Data records:
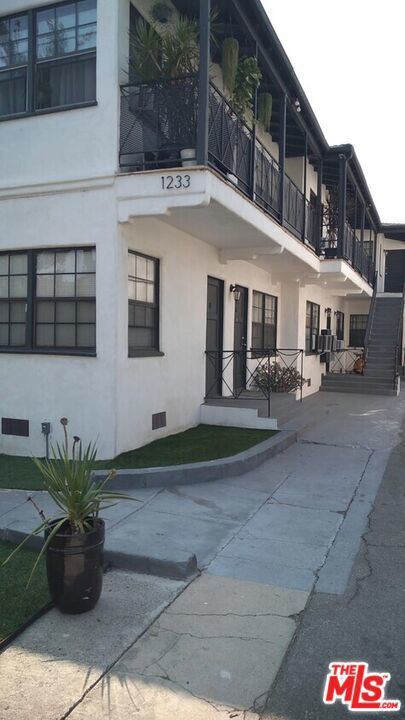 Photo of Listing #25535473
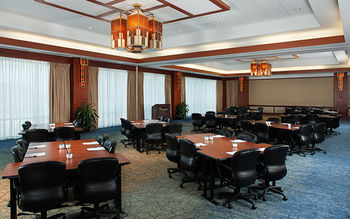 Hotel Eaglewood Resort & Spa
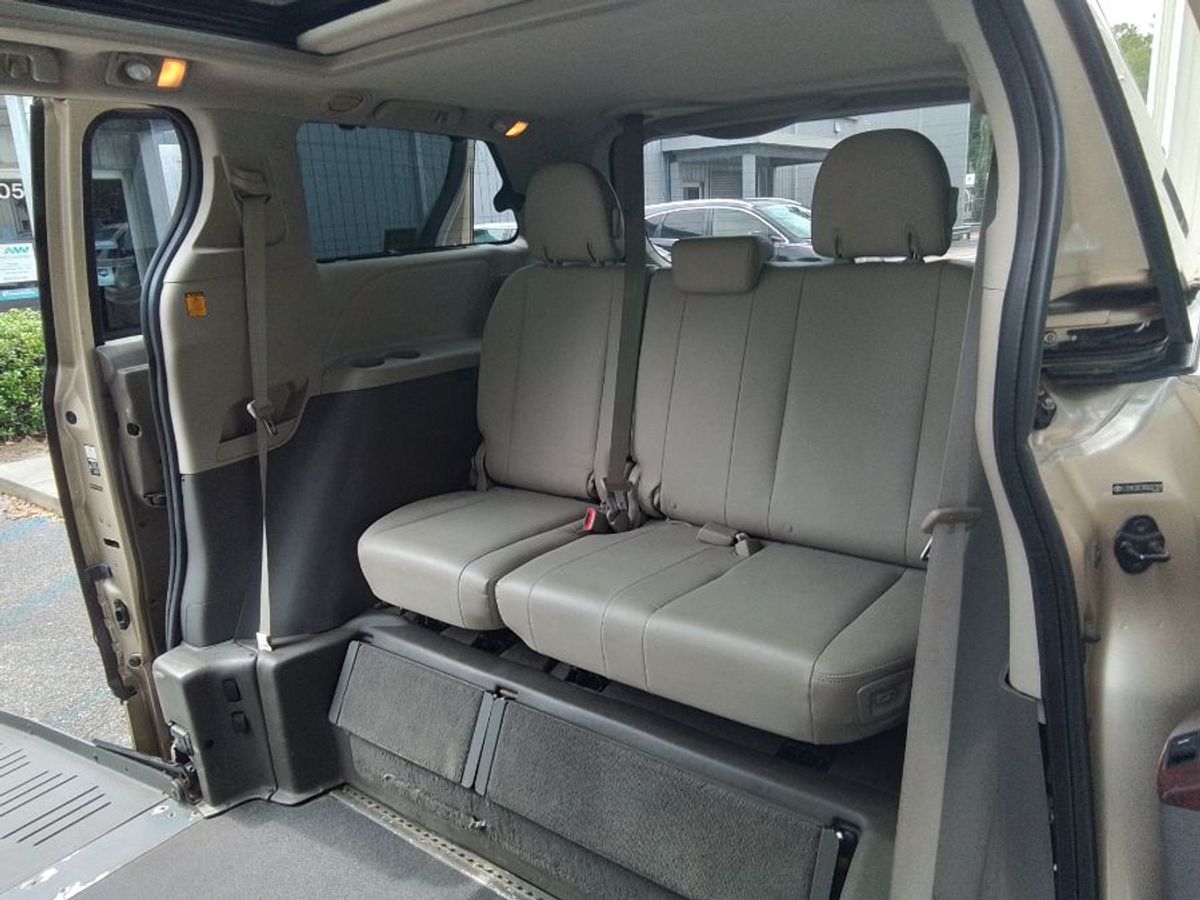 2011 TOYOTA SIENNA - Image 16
* * *
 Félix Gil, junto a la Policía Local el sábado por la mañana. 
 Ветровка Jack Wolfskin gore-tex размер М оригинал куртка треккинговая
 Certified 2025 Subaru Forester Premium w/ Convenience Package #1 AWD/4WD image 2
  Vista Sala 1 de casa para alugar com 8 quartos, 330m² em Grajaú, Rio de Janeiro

Activity: What is needed is an exact copy of the lines above from the one with "Photo of Listing #25535473" to the one with "2011 TOYOTA SIENNA - Image 16", both ends kept, and nothing more; please leave the pictures out.

Solution:
 Photo of Listing #25535473
 Hotel Eaglewood Resort & Spa
 2011 TOYOTA SIENNA - Image 16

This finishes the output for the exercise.